Soil conductivity can be a useful geophysical property in the search for buried caverns, such as in the area near Indian Trail Caverns. In this search, we are using the Geonics, Ltd. EM34-3XL earth conductivity meter with data logger to measure the lateral variations of conductivity along profiles over known and presently unknown caverns. The EM34 transmits a low-frequency electromagnetic signal into the earth which a receiver antenna and electronic analyzer interpret as the apparent conductivity of the ground. Using the horizontal or the vertical dipole, as well as the three separation settings of the meter, we can utilize six possible settings for interrogating an area.

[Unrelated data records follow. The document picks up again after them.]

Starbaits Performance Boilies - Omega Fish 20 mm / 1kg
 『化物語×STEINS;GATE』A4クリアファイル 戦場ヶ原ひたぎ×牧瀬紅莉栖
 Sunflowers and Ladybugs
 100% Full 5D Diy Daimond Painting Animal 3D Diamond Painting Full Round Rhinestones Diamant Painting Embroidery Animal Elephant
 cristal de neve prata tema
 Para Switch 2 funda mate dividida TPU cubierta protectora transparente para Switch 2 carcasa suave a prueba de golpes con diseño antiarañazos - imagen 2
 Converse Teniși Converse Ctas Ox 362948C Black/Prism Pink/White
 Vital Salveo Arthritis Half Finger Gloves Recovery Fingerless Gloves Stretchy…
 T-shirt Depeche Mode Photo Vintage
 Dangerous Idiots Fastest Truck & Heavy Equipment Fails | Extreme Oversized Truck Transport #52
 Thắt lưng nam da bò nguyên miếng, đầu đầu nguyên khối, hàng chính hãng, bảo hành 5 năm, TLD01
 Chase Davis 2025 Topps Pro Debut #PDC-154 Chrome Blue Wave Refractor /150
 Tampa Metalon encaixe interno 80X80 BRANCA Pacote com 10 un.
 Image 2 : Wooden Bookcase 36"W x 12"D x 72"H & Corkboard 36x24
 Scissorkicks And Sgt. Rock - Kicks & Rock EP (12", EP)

Graphs of the EM34 response for all six settings are shown in Figure 1 and Figure 2..
In the vertical dipole mode, the EM34 is most sensitive to variations about 4 meters below the surface at the 10 meter spacing, about 8 meters deep at the 20 meter spacing, and from 10 to 20 meters below the surface at the 40 meter spacing (Figure 1). In the horizontal dipole mode, the EM34 is most sensitive to new-surface changes (Figure 2).
Cumulative response functions (Figure 3 and Figure 4) can be used to calculate EM34 readings due to a horizontally layered earth model.
Reconnaissance measurements were made with the EM34 along 2 profiles, Profile 1 across known caverns and Profile 2 in an open field (Figure 5). Coordinates of profile endpoints were obtained with a Trimble GeoExplorer II GPS system. Field readings were processed using the CORS data from Detroit, available over the World Wide Web. The relative positions thus obtained are accurate to within approximately 1 meter. Fiberglass surveyors' tapes were used to measure intervals between readings along each profile.
Figure 6 shows a significant decrease in conductivity over the cavern located at meter 125 along this profile. The total conductivity of the ground is not important, but this lateral variation of conductivity is probably due to the large air-filled cave about 25 meters below the surface. These results show that the EM34 has definite potential for locating presently unknown caverns and sinkholes.
Figure 7 shows a conductivity increase between meter 100 and 120. The significance of variations between meter 150 and 200 is not clear.
Figure 8 shows an interesting "high-low-high" near 160 meters. This anomaly should be investigated with an electrical resistivity dipole-dipole profile.
The conductivity low at meter 195 in Figure 9 might indicate a void. Electrical resistivity should be used to investigate this possibility.
High conductivity at meter 180 in Figure 10 may indicate a shallow soil-filled depression in the bedrock. The 10 meter horizontal dipole "sees" material near the surface (Figure 2 and Figure 4) while the 20 meter vertical dipole "sees" a bit deeper (Figures 1 and Figure 3).
SUMMARY: These very low conductivities indicate that conditions are favorable for ground penetrating radar (GPR) - if one can be found. The significance of many relative highs and lows remains obscure. Additional EM34 profiles will be run during the next few weeks.